[ 
https://issues.apache.org/jira/browse/TRAFODION-2913?page=com.atlassian.jira.plugin.system.issuetabpanels:comment-tabpanel&focusedCommentId=16329117#comment-16329117
 ] 

David Wayne Birdsall commented on TRAFODION-2913:
-------------------------------------------------

Here is how I did the recalibration.
 # I created a table and, using gdb in IndexDesc :: pruneMdam determined the 
row size, block size and rows per block computed for that table.
 # I created a sqlci script that would populate a similar table with 500,000 
rows, then used that table to populate other tables of varying sizes: 1 block 
(=4096 rows in this case), 10 blocks and 100 blocks. The latter tables have a 
two-column key. The UEC of the first column was controlled by using the MOD 
function when populating; the second column had unique values.
 # I then ran a python script that runs a query against a table, forcing simple 
scan plans and various MDAM plans, and capturing the elapsed execution time. 
The script runs each query three times, capturing execution times for each. 
(The first time tends to be larger because the table gets read into HBase 
cache. The second and third times tend to benefit from the table already being 
in cache. So the read time is amortized across the three executions.)
 # The tables I created were single-partition, so I looked only at serial 
simple scan and serial mdam 2 deep plan times. I noted the average execution 
times for each, and noted also what the Optimizer was picking (using the old 
Mdam costing code, which is the default choice today).

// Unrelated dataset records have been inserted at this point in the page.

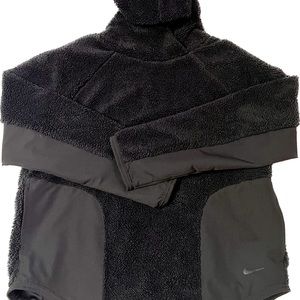 NIKE fuzzy warm Fleece Pullover Sweater With  Large Pockets. Black Size Small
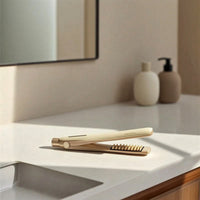 Scalp-Lifting Volumizing Iron Smooth Straightening Iron with Curved Plate Less Frizz Hair Straightener with Suspended Plate for Home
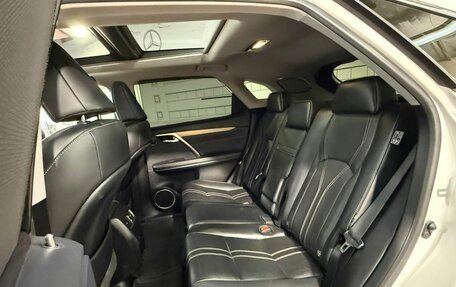 Lexus RX IV рестайлинг, 2021 год, 6 100 000 рублей, 3 фотография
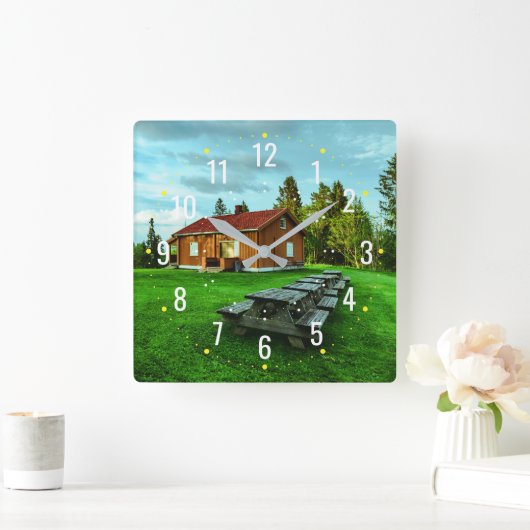 Bauernhausstil im Garten - Rustikal Außenbereich Quadratische Wanduhr (Zuhause)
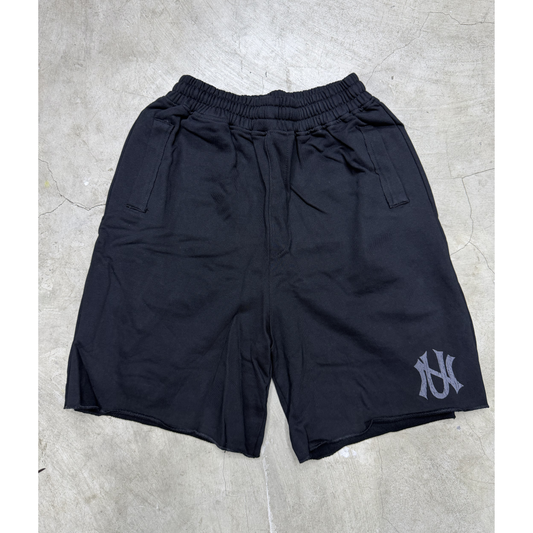 UNFRIEND - UN BAGGY SWEAT SHORTS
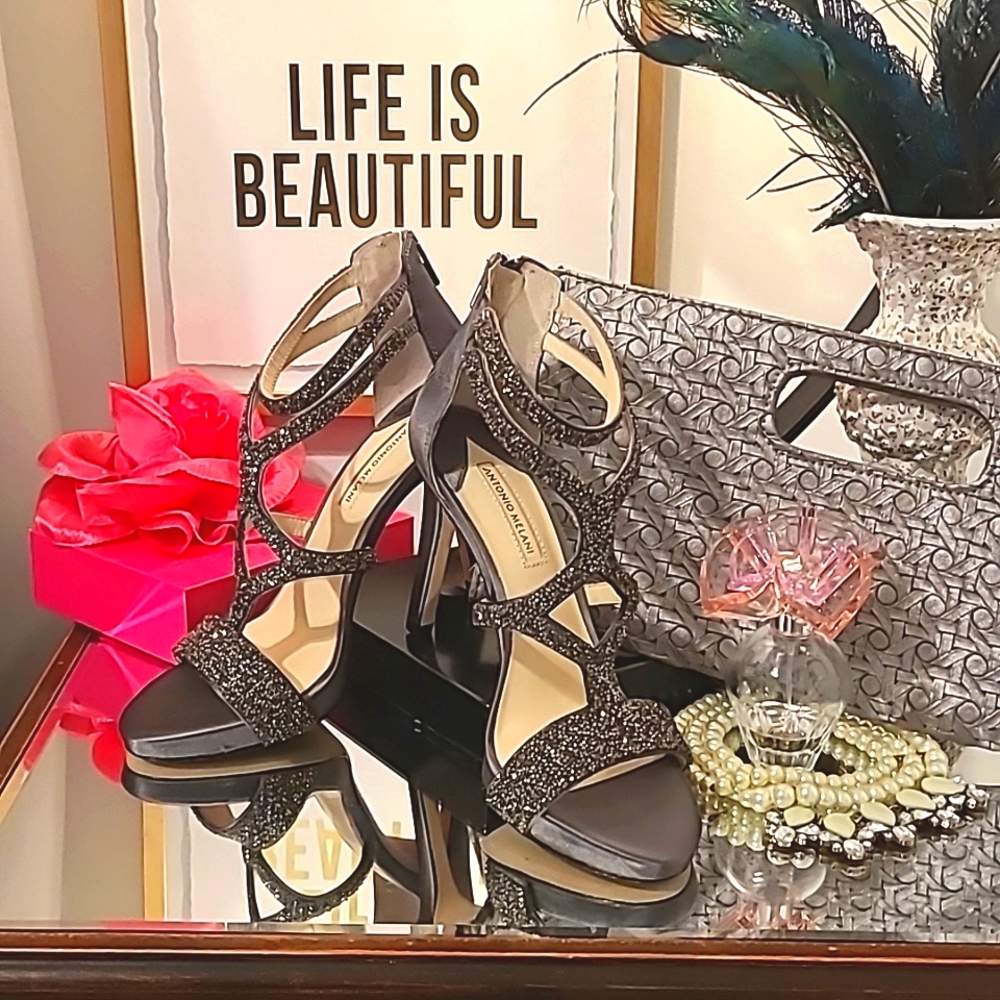 NWT  ANTONIO MELANI KARALINA Mystic Grey Satin/ Beaded Platform Sandals sz 8M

The inequality we are trying to tune in IndexDesc :: pruneMdam is UEC <= Blocks 
* MDAM_SELECTION_DEFAULT, that is, UEC / Blocks <= MDAM_SELECTION_DEFAULT. So, 
we want this inequality to hold true when MDAM plans win (or even if MDAM plans 
are close to winning), and allow this inequality to be false when MDAM plans 
are bad.

I ran this test with UECs of 2, 20, 200, 50, 500, 80 and 800. The inequality 
above worked best when MDAM_SELECTION_DEFAULT was given a value of 8.0.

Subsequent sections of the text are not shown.